What is required:
Reproduce the data that follows in its entirety, character for character.
'''
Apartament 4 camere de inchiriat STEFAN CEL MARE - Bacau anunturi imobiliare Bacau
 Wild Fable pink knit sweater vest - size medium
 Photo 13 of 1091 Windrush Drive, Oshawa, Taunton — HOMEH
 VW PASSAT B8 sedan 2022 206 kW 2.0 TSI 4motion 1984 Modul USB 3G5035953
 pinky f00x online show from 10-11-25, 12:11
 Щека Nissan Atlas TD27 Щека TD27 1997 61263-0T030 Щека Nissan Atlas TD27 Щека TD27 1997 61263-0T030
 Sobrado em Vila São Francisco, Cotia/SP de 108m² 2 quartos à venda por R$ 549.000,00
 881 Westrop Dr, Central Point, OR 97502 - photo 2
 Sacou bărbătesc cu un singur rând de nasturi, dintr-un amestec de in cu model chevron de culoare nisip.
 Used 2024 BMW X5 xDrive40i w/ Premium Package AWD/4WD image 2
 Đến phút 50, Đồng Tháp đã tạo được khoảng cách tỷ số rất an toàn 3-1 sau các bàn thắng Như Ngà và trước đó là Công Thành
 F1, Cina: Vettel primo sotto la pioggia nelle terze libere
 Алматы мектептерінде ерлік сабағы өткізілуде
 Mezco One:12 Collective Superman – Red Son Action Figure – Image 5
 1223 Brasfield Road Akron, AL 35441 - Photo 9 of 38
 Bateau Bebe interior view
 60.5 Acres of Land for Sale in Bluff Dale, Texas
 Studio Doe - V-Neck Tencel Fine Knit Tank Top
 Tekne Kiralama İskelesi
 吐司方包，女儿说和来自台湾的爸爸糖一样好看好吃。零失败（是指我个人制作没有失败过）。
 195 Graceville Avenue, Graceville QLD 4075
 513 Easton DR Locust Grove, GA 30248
'''
Answer below:
Apartament 4 camere de inchiriat STEFAN CEL MARE - Bacau anunturi imobiliare Bacau
 Wild Fable pink knit sweater vest - size medium
 Photo 13 of 1091 Windrush Drive, Oshawa, Taunton — HOMEH
 VW PASSAT B8 sedan 2022 206 kW 2.0 TSI 4motion 1984 Modul USB 3G5035953
 pinky f00x online show from 10-11-25, 12:11
 Щека Nissan Atlas TD27 Щека TD27 1997 61263-0T030 Щека Nissan Atlas TD27 Щека TD27 1997 61263-0T030
 Sobrado em Vila São Francisco, Cotia/SP de 108m² 2 quartos à venda por R$ 549.000,00
 881 Westrop Dr, Central Point, OR 97502 - photo 2
 Sacou bărbătesc cu un singur rând de nasturi, dintr-un amestec de in cu model chevron de culoare nisip.
 Used 2024 BMW X5 xDrive40i w/ Premium Package AWD/4WD image 2
 Đến phút 50, Đồng Tháp đã tạo được khoảng cách tỷ số rất an toàn 3-1 sau các bàn thắng Như Ngà và trước đó là Công Thành
 F1, Cina: Vettel primo sotto la pioggia nelle terze libere
 Алматы мектептерінде ерлік сабағы өткізілуде
 Mezco One:12 Collective Superman – Red Son Action Figure – Image 5
 1223 Brasfield Road Akron, AL 35441 - Photo 9 of 38
 Bateau Bebe interior view
 60.5 Acres of Land for Sale in Bluff Dale, Texas
 Studio Doe - V-Neck Tencel Fine Knit Tank Top
 Tekne Kiralama İskelesi
 吐司方包，女儿说和来自台湾的爸爸糖一样好看好吃。零失败（是指我个人制作没有失败过）。
 195 Graceville Avenue, Graceville QLD 4075
 513 Easton DR Locust Grove, GA 30248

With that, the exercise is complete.